# Task requirements:
In the entries that follow, find the line containing "BAİGONG BORULARI: - Çin'de"; from there, copy every line exactly through the line containing "fur seal: any".

# Exercise data:
============
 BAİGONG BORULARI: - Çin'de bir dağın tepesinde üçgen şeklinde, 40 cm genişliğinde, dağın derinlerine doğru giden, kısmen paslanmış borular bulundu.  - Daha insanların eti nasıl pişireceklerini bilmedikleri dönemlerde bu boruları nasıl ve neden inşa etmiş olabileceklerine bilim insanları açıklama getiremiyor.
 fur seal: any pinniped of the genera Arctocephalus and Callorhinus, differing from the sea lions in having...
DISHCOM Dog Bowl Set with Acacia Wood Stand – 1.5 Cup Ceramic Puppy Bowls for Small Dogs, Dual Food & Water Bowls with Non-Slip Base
============
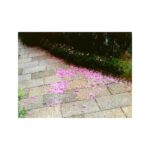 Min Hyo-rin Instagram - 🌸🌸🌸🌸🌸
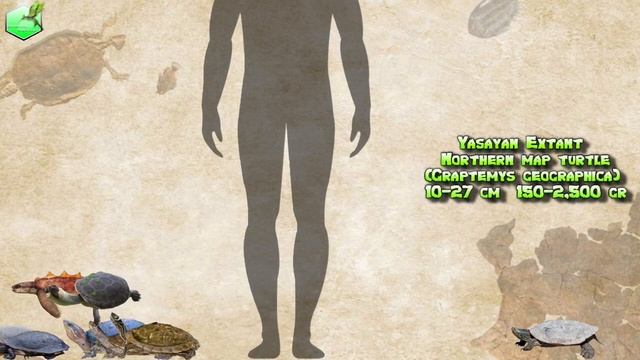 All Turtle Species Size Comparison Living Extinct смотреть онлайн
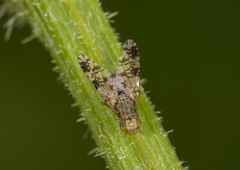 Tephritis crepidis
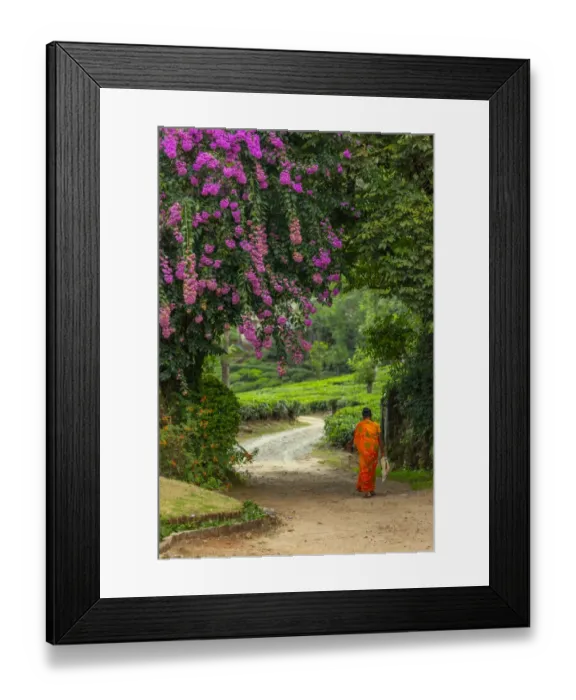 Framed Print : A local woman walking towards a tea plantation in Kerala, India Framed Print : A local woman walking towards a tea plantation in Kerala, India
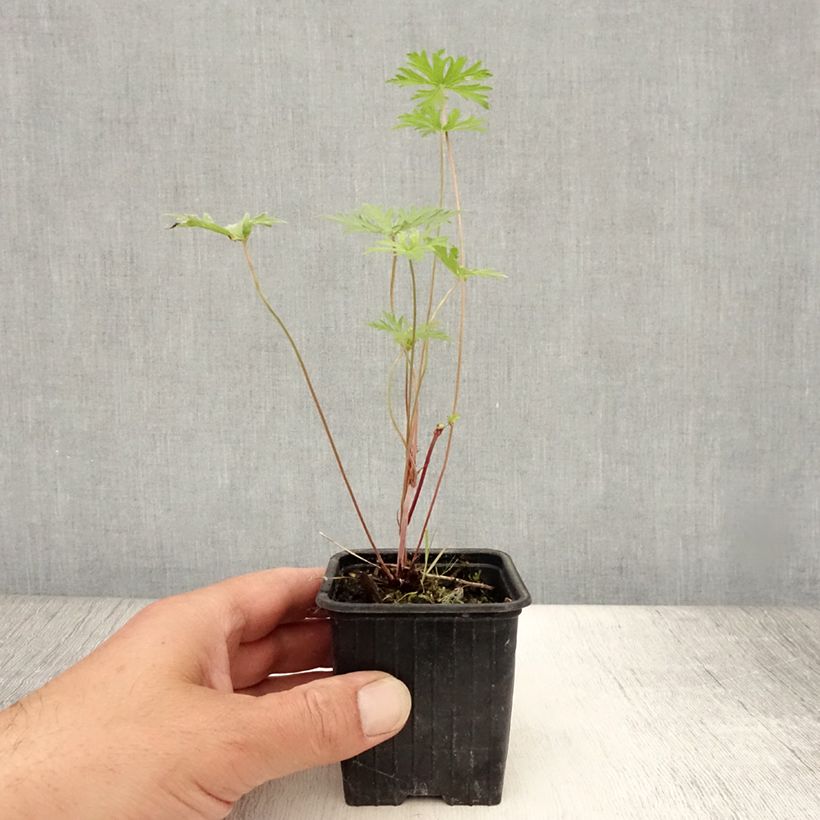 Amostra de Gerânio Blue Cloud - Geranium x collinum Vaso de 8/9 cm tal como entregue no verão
============
# Output for this exercise:
 BAİGONG BORULARI: - Çin'de bir dağın tepesinde üçgen şeklinde, 40 cm genişliğinde, dağın derinlerine doğru giden, kısmen paslanmış borular bulundu.  - Daha insanların eti nasıl pişireceklerini bilmedikleri dönemlerde bu boruları nasıl ve neden inşa etmiş olabileceklerine bilim insanları açıklama getiremiyor.
 fur seal: any pinniped of the genera Arctocephalus and Callorhinus, differing from the sea lions in having...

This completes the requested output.